Now that we have these values, we can use them to calculate a confidence interval, just like we have been before. Now, instead of an interval on our estimate of a value, we are asking about an interval on the *difference* between two values. First, let’s start by visualizing the curve we are talking about.

```
# Draw the curve
curve( dnorm( x,
propFemale - propMale,
mySE),
from = -0.1 , to = 0.4,
col = "red3", lwd = 3)
```

Now, we want to ask where the middle portion of the data lies. Let’s start with a 90% confidence interval.

```
# Generate critical threshold values
qnorm( c(0.05,0.95) )
```

`## [1] -1.644854 1.644854`

```
# Mulitply by SE to get Margin of error
myME <- qnorm( c(0.05,0.95) ) * mySE
myME[2]
```

`## [1] 0.091686`

```
# Calculate CI by adding/subtracting ME from mean
(propFemale - propMale) + myME
```

`## [1] 0.07094364 0.25431564`

This suggests that we are 90% confident that the true value of the difference lies between 0.0709436 and 0.2543156. Put another way, we are 90% confident that the true difference falls within 0.091686 of our point estimate of 0.1626296. This could also be written as 0.1626296 ± 0.091686. Looking at it on the plot may help.

```
# Draw the curve
curve( dnorm( x,
propFemale - propMale,
mySE),
from = -0.1 , to = 0.4,
col = "red3", lwd = 3)
abline(v = (propFemale - propMale) + myME,
col = "green3", lwd = 3, lty = 2)
```

Calculate a 95% confidence interval for the difference in proportion of fast zombies that successfully bite someone compared to the proportion of slow zombies that successfully bite someone, given the following data:

16 of 26 tracked fast zombies bit someone before being killed

32 of 44 tracked slow zombies bit someone before being killed

You should find that, given these data, we are 95% confident that the difference in bite rates is between -0.117 and 0.341 (with negative meaning fast zombies have higher proportion successfully biting and positive meaning slow zombies bite successfully more often).

Often, we will be working from data files that are already in the computer. For these, the process is identical, except that we can select the data for our initial vectors, rather than typing it in.

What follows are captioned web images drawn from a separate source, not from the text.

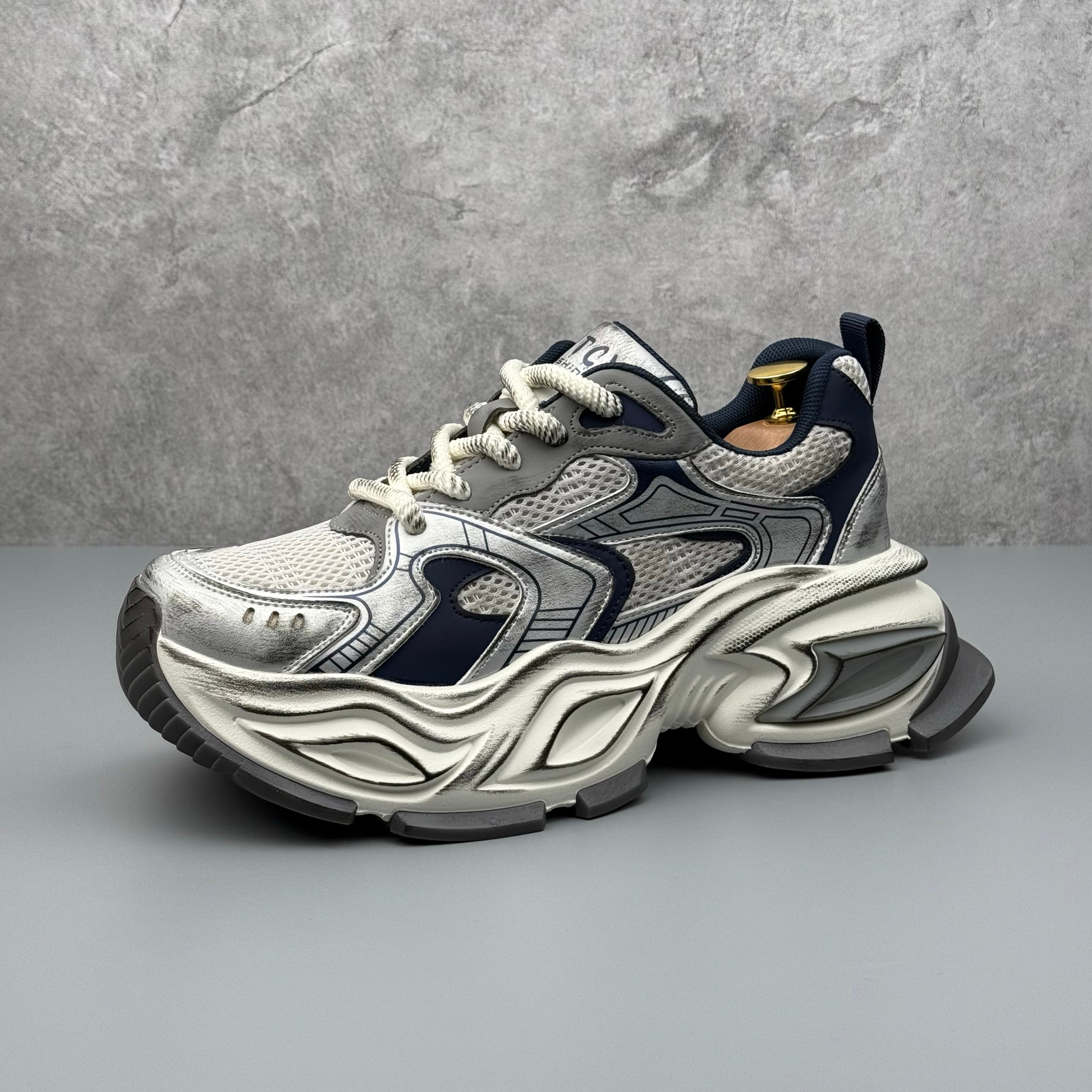 Hybriss UCOC PlainRise Blue– Youth Casual Dad Shoes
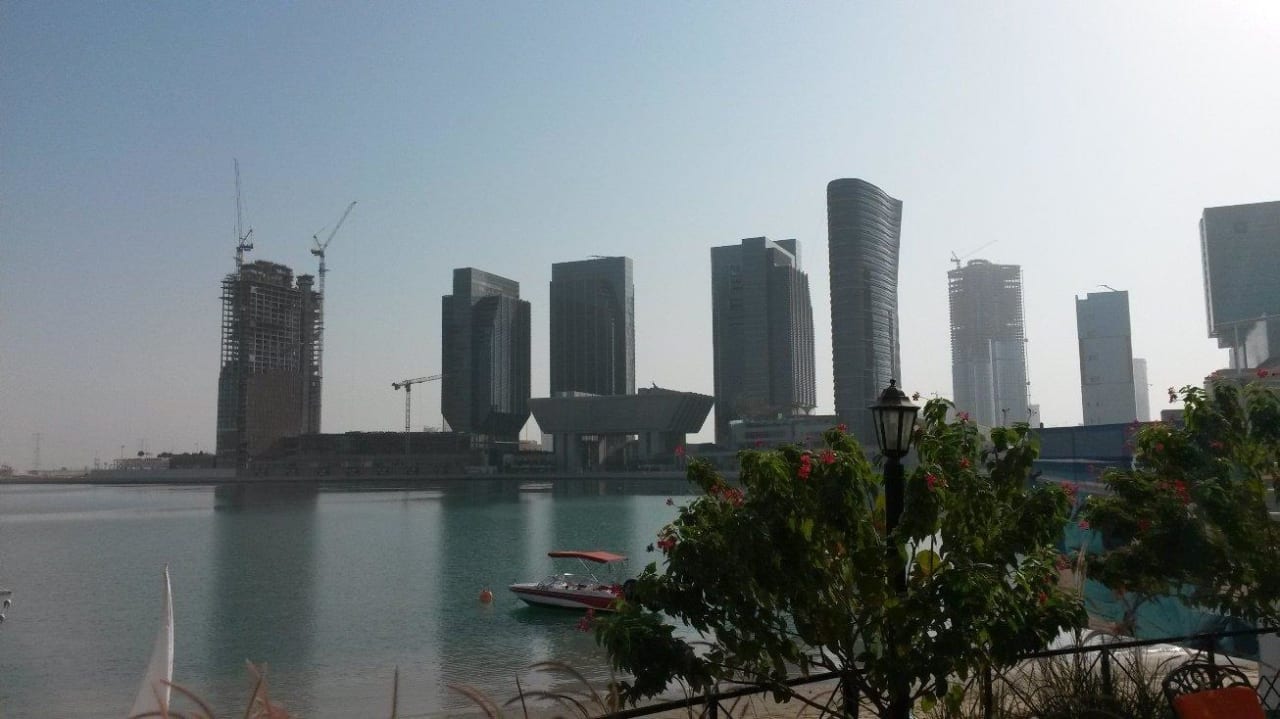 Hotelstrand und Ausblick Le Meridien Abu Dhabi Resort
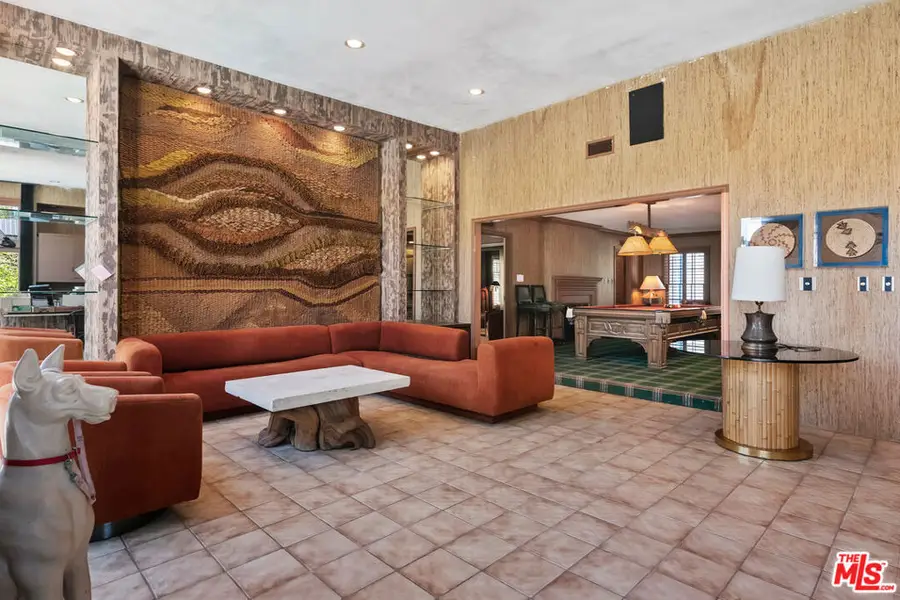 4740 Placidia Avenue, Toluca Lake, CA 91602 - #3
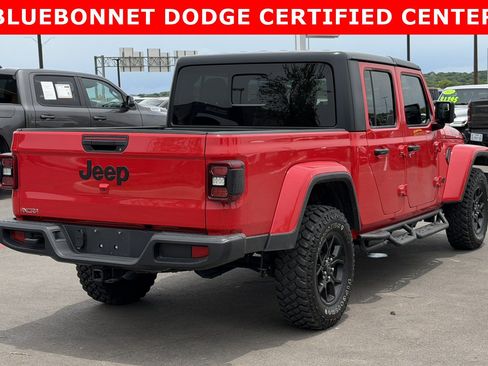 Used 2024 Jeep Gladiator Sport AWD/4WD image 5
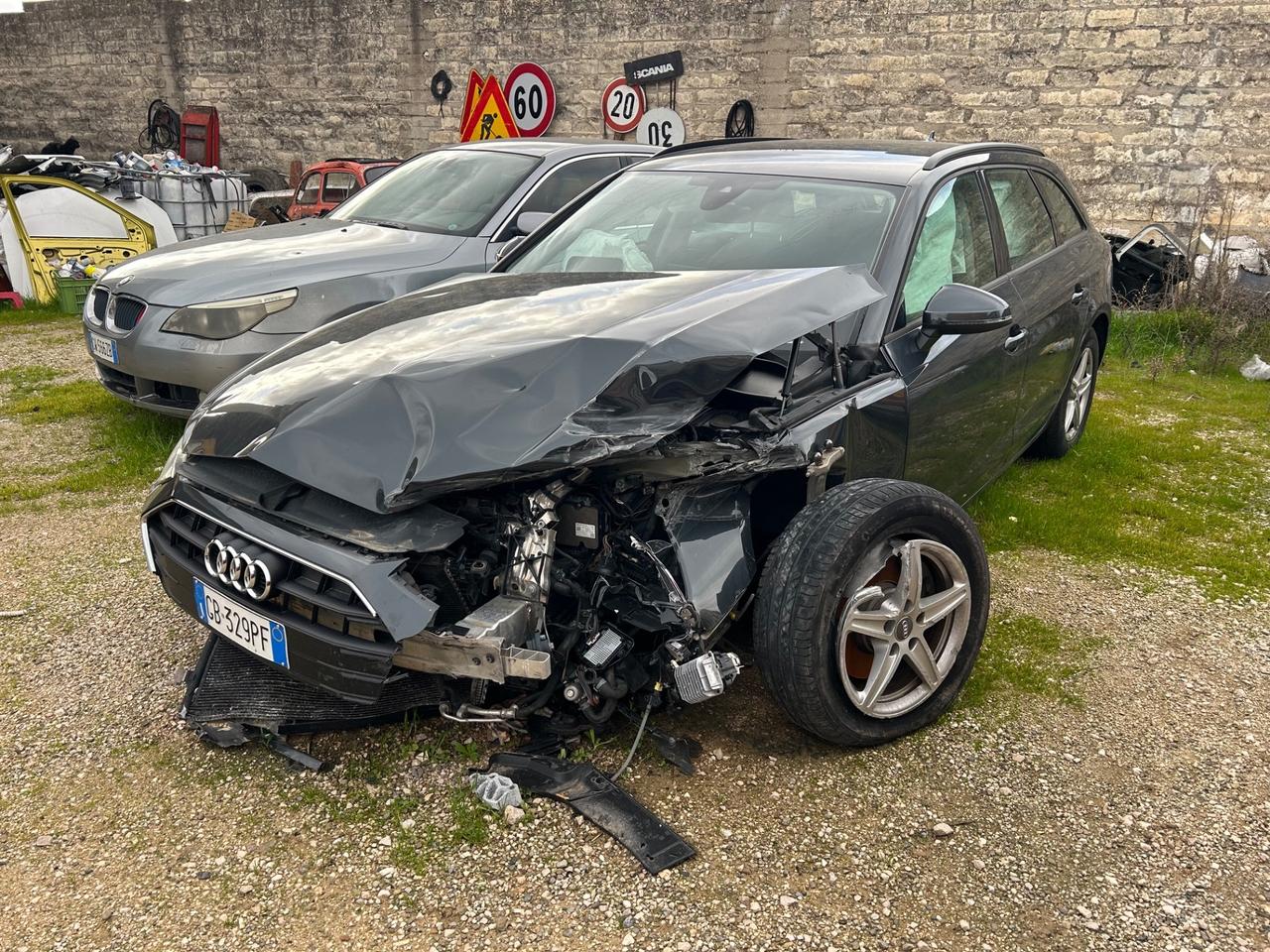 Audi A4 35 TDI/163 CV S tronic Business Advanced ( AUTO SINISTRATA )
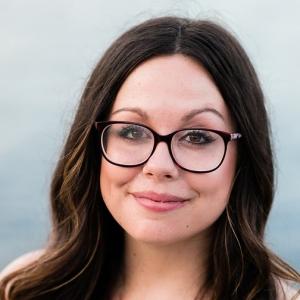 Courtney Chislett Headshot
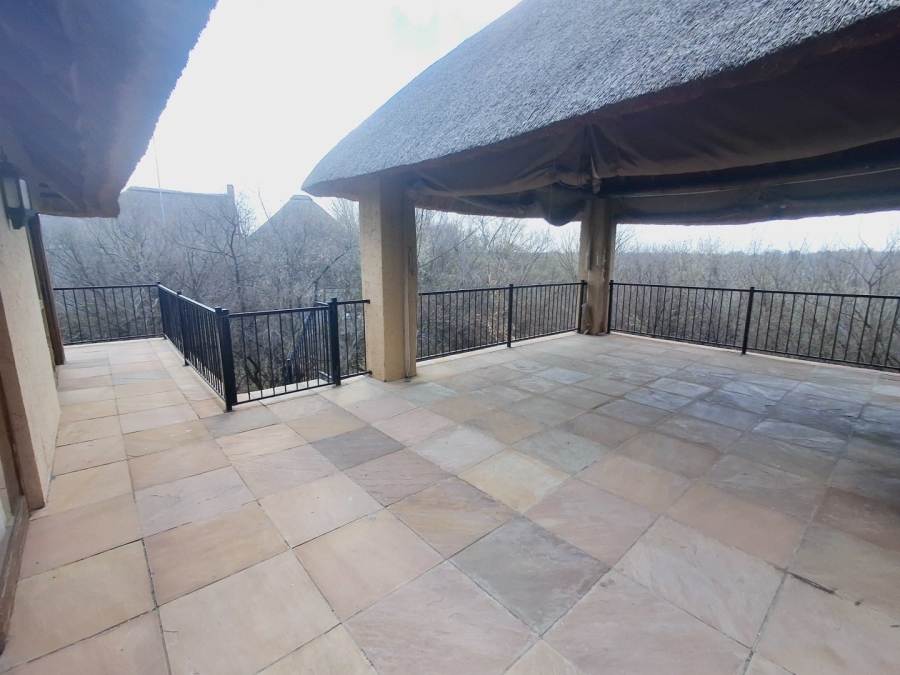 4 Bedroom Property for Sale in Boschenvaal River Front Lodges Free State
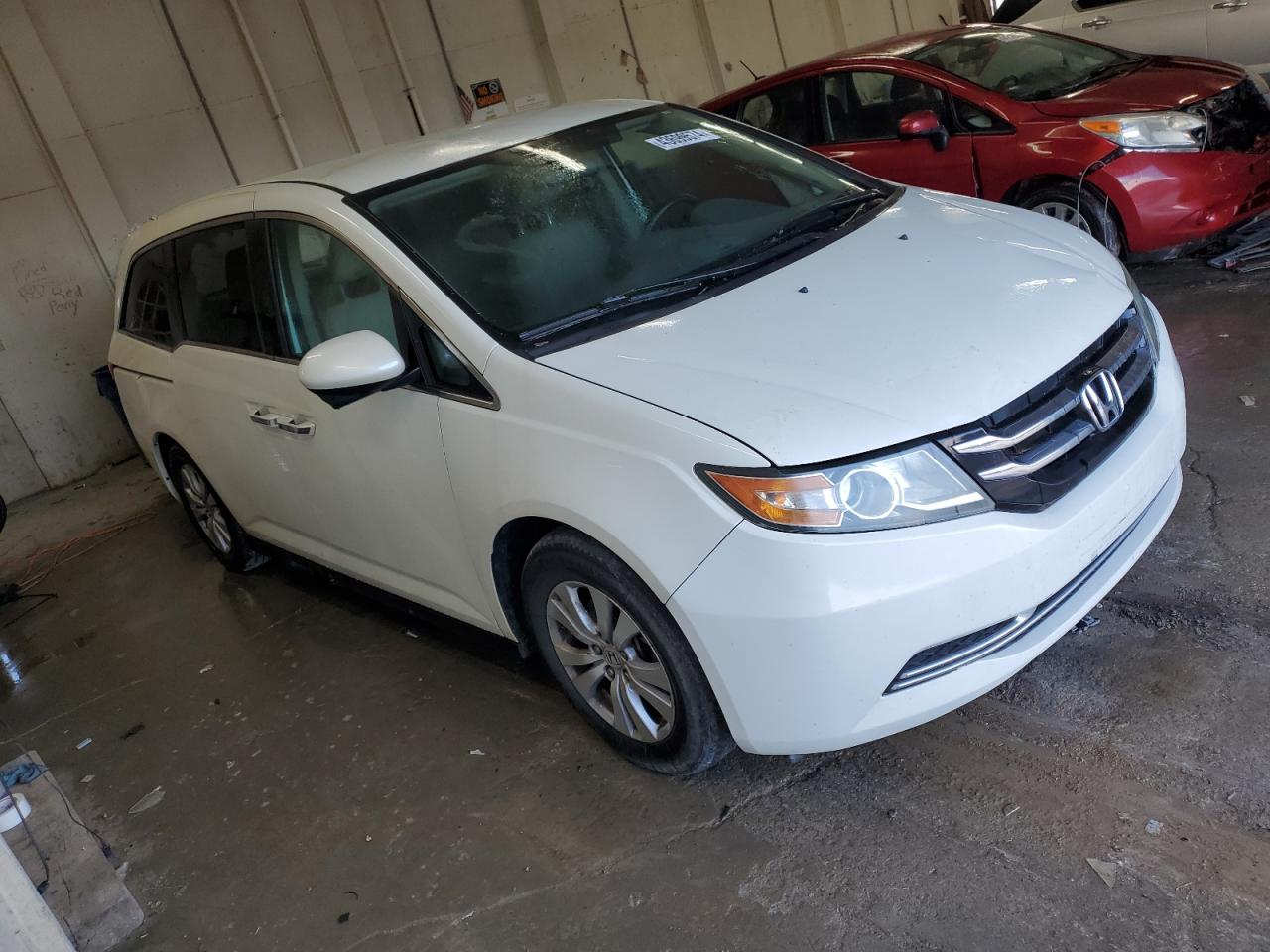 Photo 3 VIN: 5FNRL5H37GB056877 - HONDA ODYSSEY 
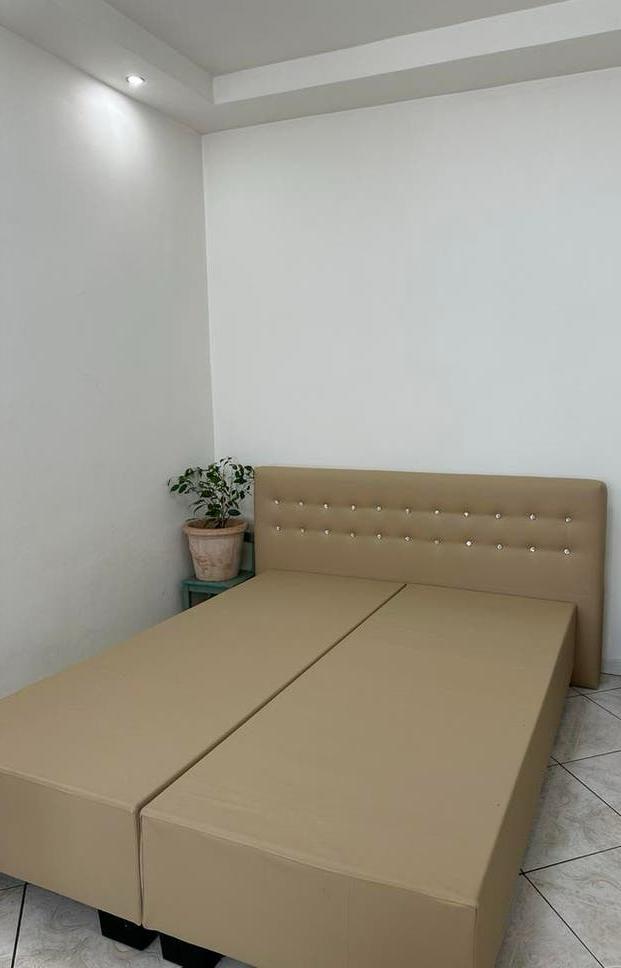 Gloednieuw herbeklede bedkader, Huis en Inrichting, Ophalen, Beige, Tweepersoons, Zo goed als nieuw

As an example, we can use the `icu`

data to ask about the difference in the proportion of men and women that die in the ICU. First, we select the data for each group:

```
# Save the data
maleStatus <- icu$Status[icu$Sex == "male"]
femaleStatus <- icu$Status[icu$Sex == "female"]
```

From here, we can copy all of the code we used before, changing “Responses” to “Status”.

```
# Point estimate, copied
propMale <- mean(maleStatus == "died")
propFemale <- mean(femaleStatus == "died")
# Actual point estimate
propMale - propFemale
```

`## [1] -0.01697793`

Then, we estimate the standard error:

```
# Estimate SE
mySE <- sqrt(
( propMale * (1 - propMale) / length(maleStatus)) +
( propFemale * (1 - propFemale) / length(femaleStatus))
)
mySE
```

`## [1] 0.05869989`

Finally, use `qnorm()`

to calculate a margin of error here, we can use 99%:

```
# Mulitply by SE to get Margin of error
myME <- qnorm( c(0.005,0.995) ) * mySE
myME[2]
```

`## [1] 0.1512009`

and then find the confidence interval:

```
# Calculate CI by adding/subtracting ME from mean
(propMale - propFemale) + myME
```

`## [1] -0.1681788 0.1342230`

Thus, we are 99% confident that the true difference in the proportion of patients that die between men and women is between -0.168 and 0.134.

Calculate a 90% confidence interval for the difference in the proportion of male and female patients that have been in the ICU before (column `Previous`

== “yes”).

You should discover that we are 90% confident that the true difference in the proportion of patients that have a previous visit between men and women is between -0.144 and 0.033.